Tracking space weather accurately takes an expensive radar installation. A mobile unit from SRI promises to cut costs. Images: Today's space weather

Michael Kanellos Staff Writer, CNET News.com
Michael Kanellos is editor at large at CNET News.com, where he covers hardware, research and development, start-ups and the tech industry overseas.
Michael Kanellos
2 min read
A magnetic cloud generated by the sun can plunge a city into darkness, so SRI International has created mobile radar stations for monitoring space weather.

The Advanced Modular Incoherent Scatter Radar system, or AMISR, is a set of modular radar facilities created by the research organization that can be deployed together, or sent to different parts of the globe, to track weather in the upper atmosphere and beyond. SRI has created three AMISR units so far and deployed them in Peru and Alaska.
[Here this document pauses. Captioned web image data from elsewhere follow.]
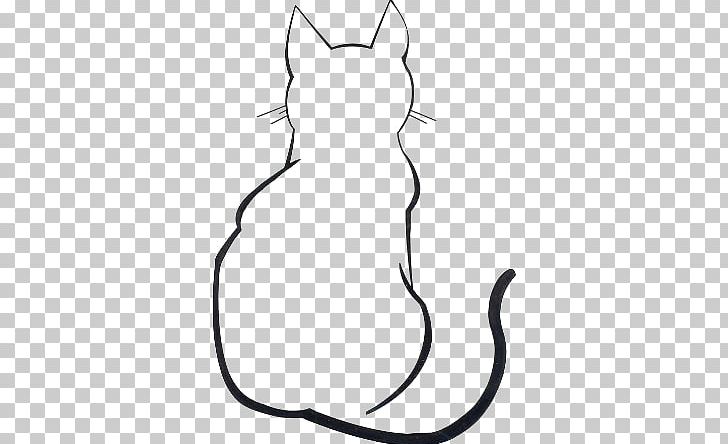 Whiskers Cat Silhouette Drawing PNG, Clipart, Animals, Artwork, Black, Black And White, Black Cat Free PNG Download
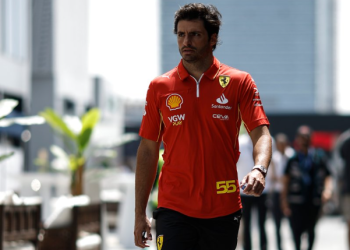 Carlos Sainz es baja para el GP de Arabia Saudí por apendicitis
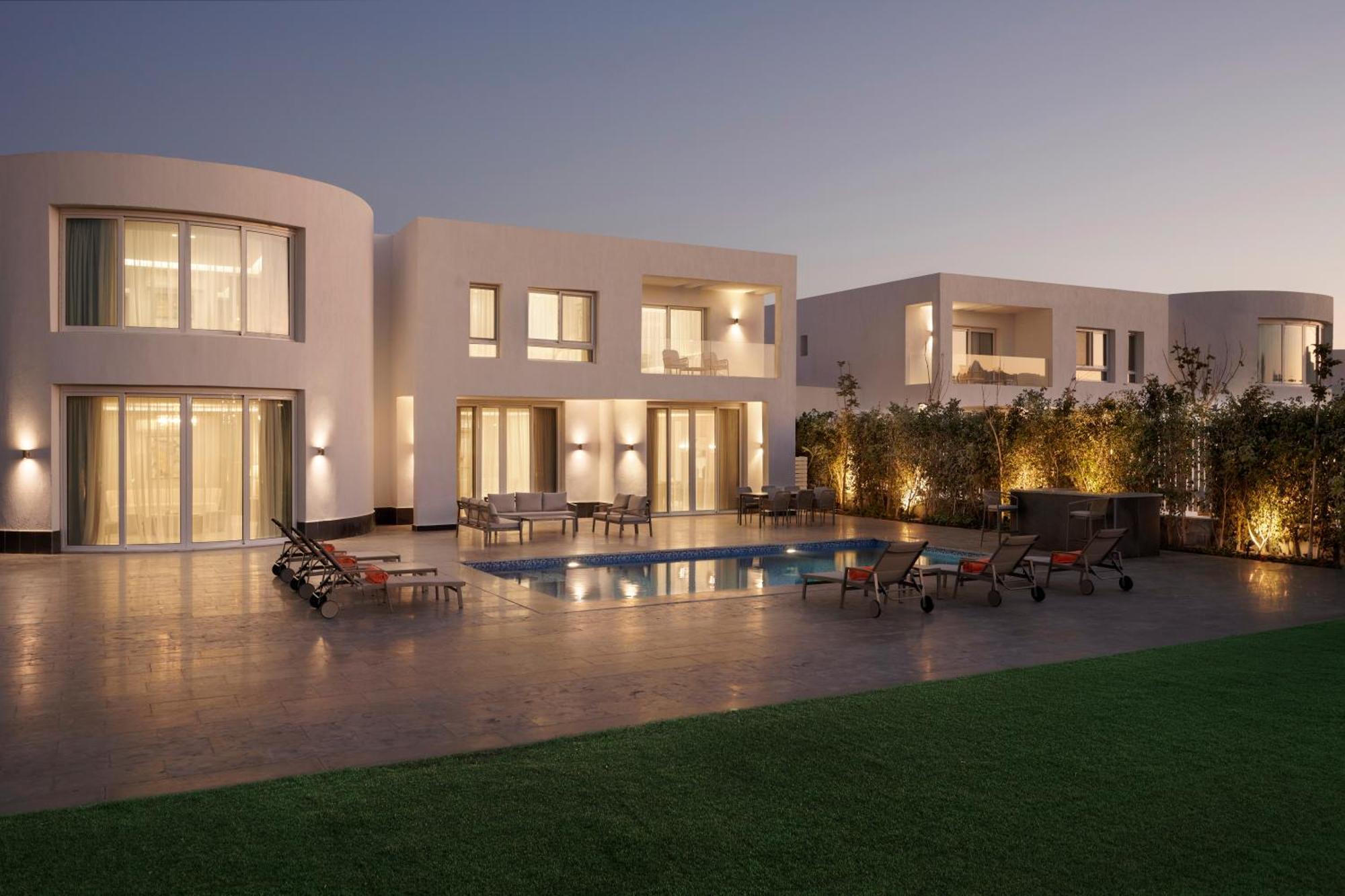 Pickalbatros Golf Luxury Suites Šarm aš-Šajch Exteriér fotografie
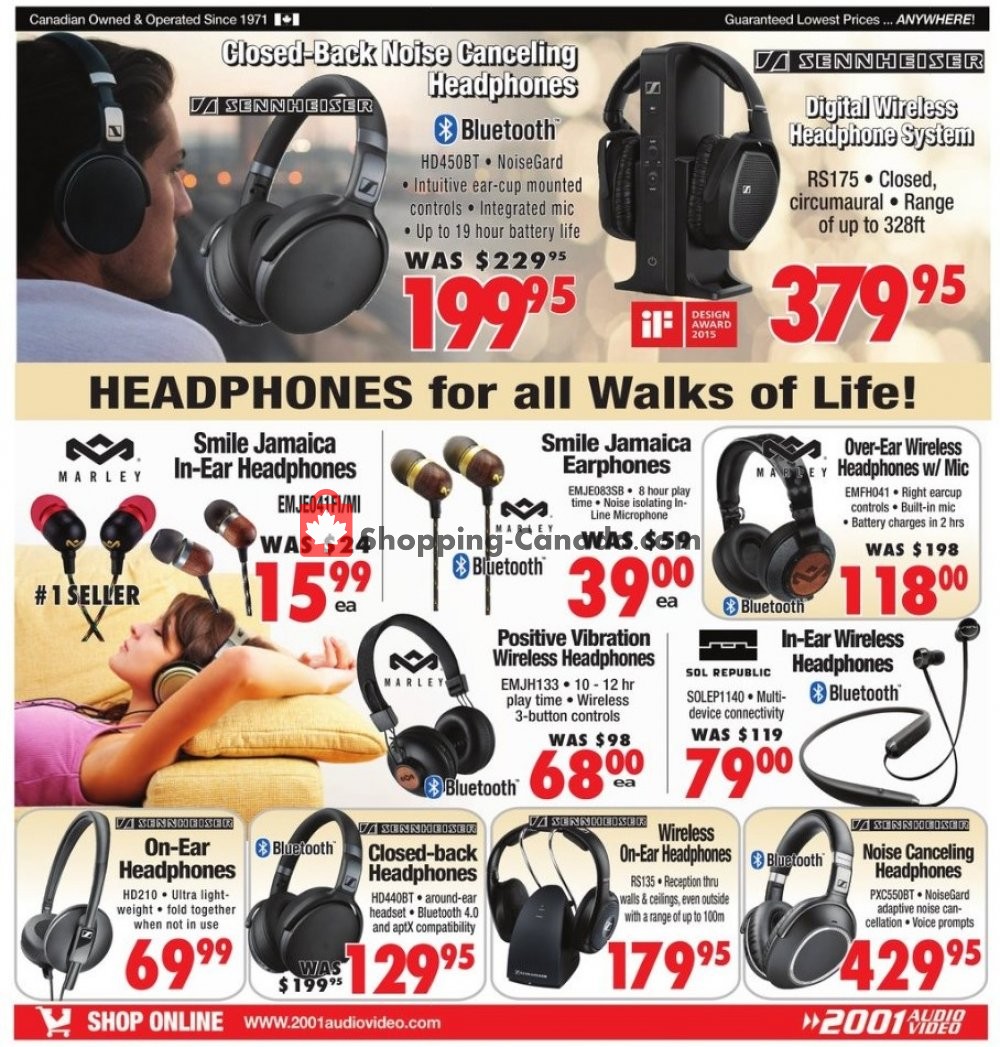 2001 Audio Video flyer from Friday April 19, 2019 to Thursday April 25, 2019 - page 22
Eventually, SRI will build more mobile units as well as a larger, more permanent version that will be installed at the U.S. rocket testing range at Poker Flat, Alaska.

Radar stations

Space weather affects you more than you think, says John Kelly, program director of SRI's Center for GeoSpace Studies. Global Positioning System satellites and DirectTV reception can be impacted by activity from the sun. A magnetic cloud can add electrical current to power grids, and thereby cause a blackout.

"If you can warn a power company of an influx of induced currents, they can protect against it," he said.

The astronauts on the Discovery space shuttle and the International Space Station also need weather updates. If a large solar flare erupts, Earth-bound technicians can warn them to stay inside.

Monitoring space weather, however, has been an expensive proposition. Permanent radar installations can sport reflectors measuring 1,000 feet in diameter.

The modular units are far smaller, and therefore less sensitive than the permanent radar stations, but they can perform many of the same functions, said Kelly. The units contain eight reflective panels measuring 1 meter by 1.5 meters each that can be arranged, depending on the task at hand.

"Because it is built out of these panels, you can build whatever shape and size you need," Kelly said.

Mobility also allows researchers to examine events in the ionosphere from different parts of the globe. Putting one of the units at the Jicamarca Radio Observatory near Lima, Peru, came about because SRI wanted to see how AMISR would function at the equator, while the Alaska test (at the High Frequency Active Auroral Research Program Observatory) was designed to see how the system worked in an arctic environment.